__What to produce__:
Repeat all of the data below word for word, keeping no images.

─── Dataset section ───

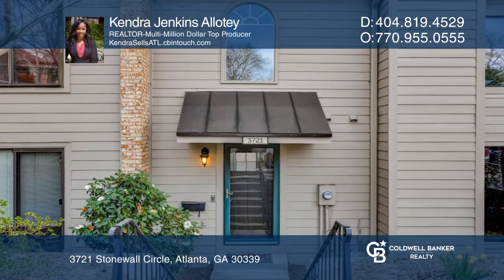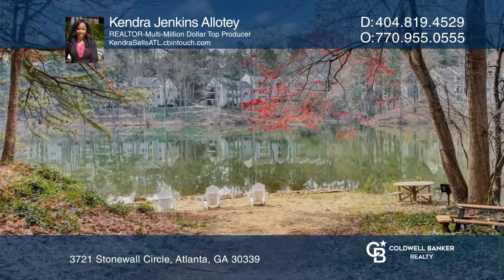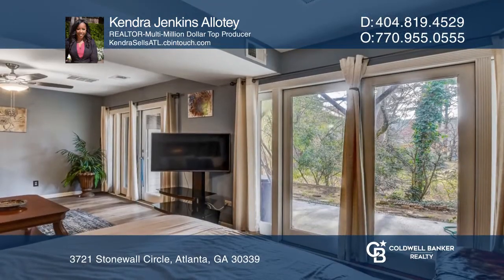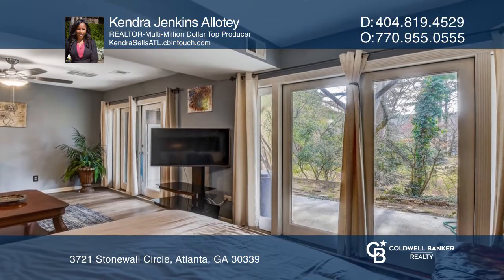Welcome to this stunning three-story, four-bedroom, three-and-a-half bathroom home. In Vinings proper, this home is nestled in a private neighborhood and is surrounded by an impressive wooded backdrop and a lake.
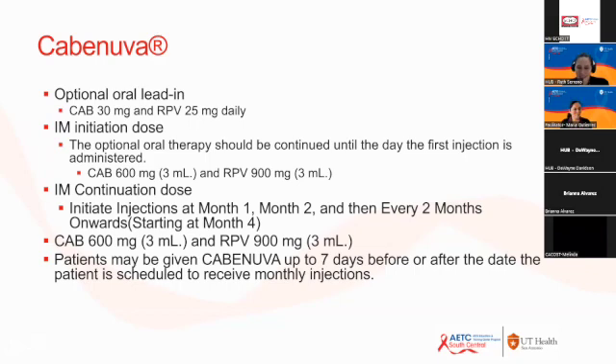The dosing for cabotegravir is complex. After a loading period, treatment involves two shots every two months, and prevention involves one shot every two months. There is an optional oral lead-in; most practitioners implementing Cabenuva are doing so without the oral lead-in, but it remains an option per patient preference. There is also a five-day window before or after the scheduled injection date — if a patient misses that window, they may need to bridge with the oral formulation.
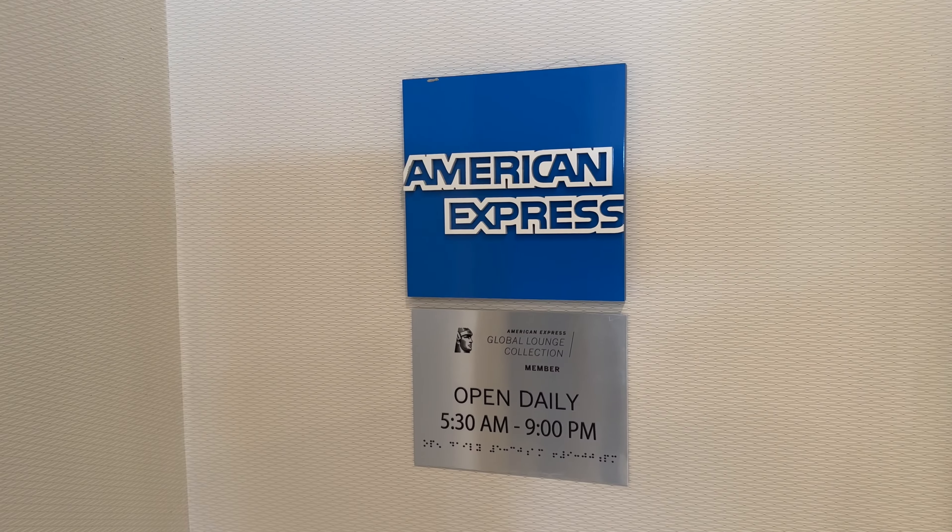What's up everybody! This is going to be a very quick review of the Centurion Lounge in Philadelphia. I wanted you guys to check this out post-pandemic — not sure if you've been able to come. Come with me for a quick vlog today. We're at the Centurion Lounge of Philadelphia, Pennsylvania. Let's go show you around.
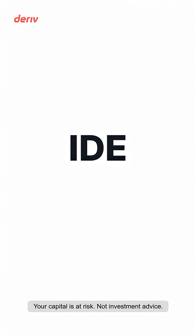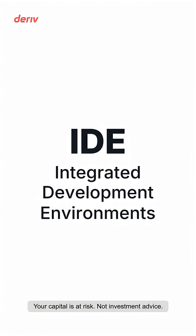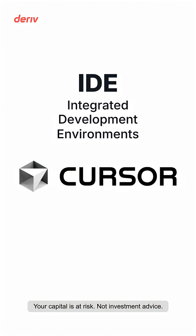But then I discovered IDEs — Integrated Development Environments. One such IDE is a tool called Cursor. It's essentially a professional coding workspace, and what makes Cursor special is it has AI built right into it.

───

__Exercise result__:
Welcome to this stunning three-story, four-bedroom, three-and-a-half bathroom home. In Vinings proper, this home is nestled in a private neighborhood and is surrounded by an impressive wooded backdrop and a lake.
The dosing for cabotegravir is complex. After a loading period, treatment involves two shots every two months, and prevention involves one shot every two months. There is an optional oral lead-in; most practitioners implementing Cabenuva are doing so without the oral lead-in, but it remains an option per patient preference. There is also a five-day window before or after the scheduled injection date — if a patient misses that window, they may need to bridge with the oral formulation.
What's up everybody! This is going to be a very quick review of the Centurion Lounge in Philadelphia. I wanted you guys to check this out post-pandemic — not sure if you've been able to come. Come with me for a quick vlog today. We're at the Centurion Lounge of Philadelphia, Pennsylvania. Let's go show you around.
But then I discovered IDEs — Integrated Development Environments. One such IDE is a tool called Cursor. It's essentially a professional coding workspace, and what makes Cursor special is it has AI built right into it.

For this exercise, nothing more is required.